Most of the ‘magic’ in R expressions is done by ‘vectorized’ operations and the vector recycling. You’ve already seen vectorized operations several times, like:
1:10 > 5
1:10 creates an interger vector of length 10 (check yourself)5 is recycled 10 times to match the length of the longer vector> comparison is performed, returning logical vector of length 10Try this:
1:10 + 1:2
Can you explain the result?
1:10 + rep(c(1, 2), times=5)
Now try this:
1:10 + 1:3
Many of the basic R functions are vectorized - they work the same for a single argument and for a vector of arguments.
sum(4)
sum(1:10)
mean(4)
mean(1:10)
Single value is usually treated a vector of length 1. Hence the [1] when it prints to console. It shows you the value at position 1 in the resulting vector. When you print enough to fill one row in your console, you’ll see the next index.
1:200
Because many standard operations are vectorized, the functions you write are vectorized without any additional work:
fib <- function(n) {
ifelse(n > 1,
fib(n - 1) + fib(n - 2),
n)
}
fib(5)
fib(1:10)
But what if you use something that does not like vector arguments - like grep (which means ‘search for string’ because of historical reasons).
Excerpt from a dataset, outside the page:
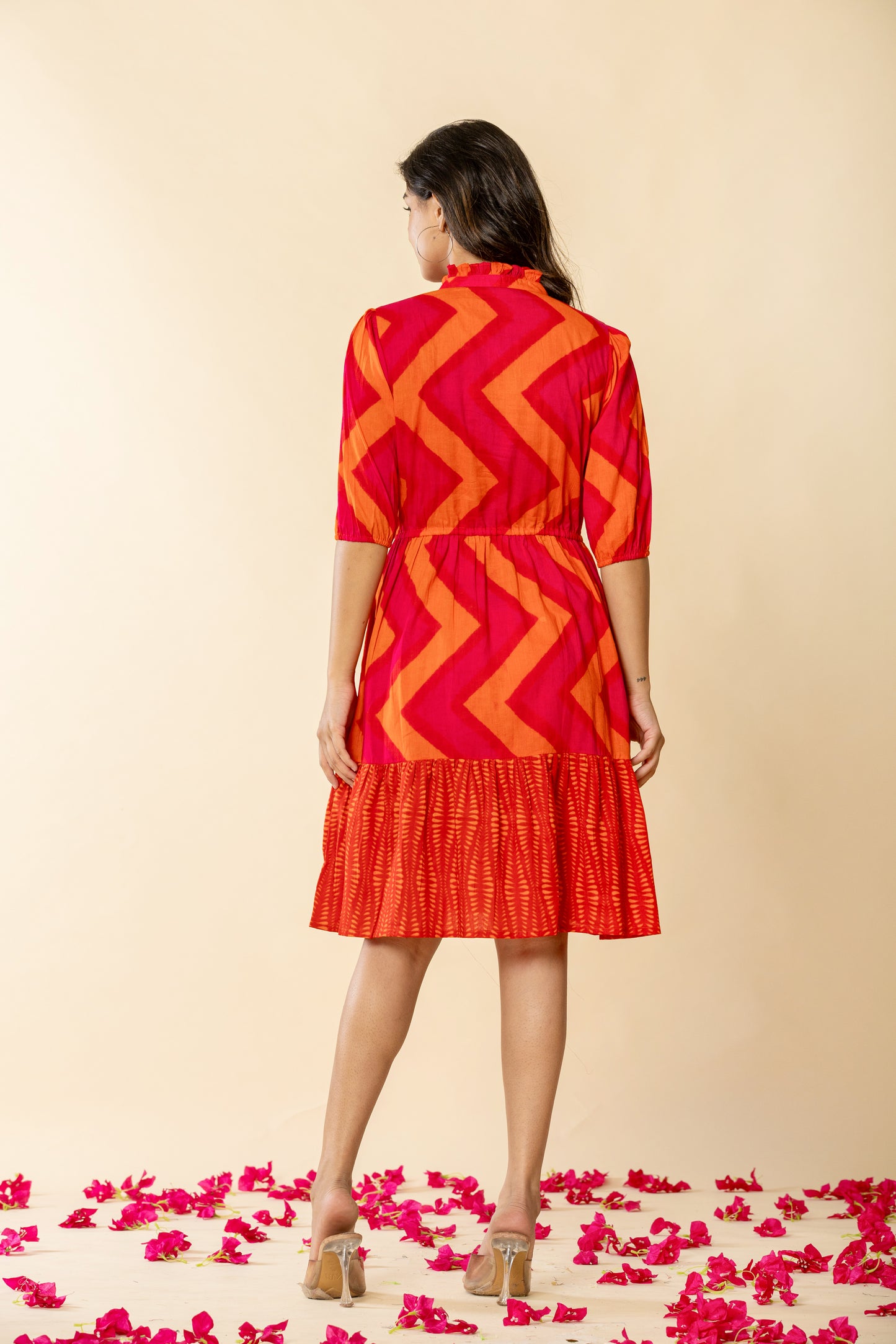 Floral cotton printed short dress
count_in_vec <- function(what, where) {
grep(what, where) %>% length
}
# counting various species of Streptococcus
count_in_vec("Streptococcus", dtaxons$taxon_name)
# now I'd like to search for both Streptococcus and Veillonella
count_in_vec(c("Veillonella", "Streptococcus"), dtaxons$taxon_name)
The cure here is the sapply function, which calls a function for each element in a vector and return the results as a new vector.
add_one <- function(x) x + 1
sapply(1:5, add_one)
# you can pass additional arguments like this
add_num <- function(x, num) x + num
sapply(1:5, add_num, num = 3)
# or you don't have to name your function
sapply(1:5, function(x) x + 1)
Now we can vectorize our function easily:
count_in_vec <- function(what, where) {
sapply(what, function(x) grep(x, where) %>% length)
}
# as an extra we get the names..
count_in_vec("Streptococcus", dtaxons$taxon_name)
count_in_vec(c("Veillonella", "Streptococcus"), dtaxons$taxon_name)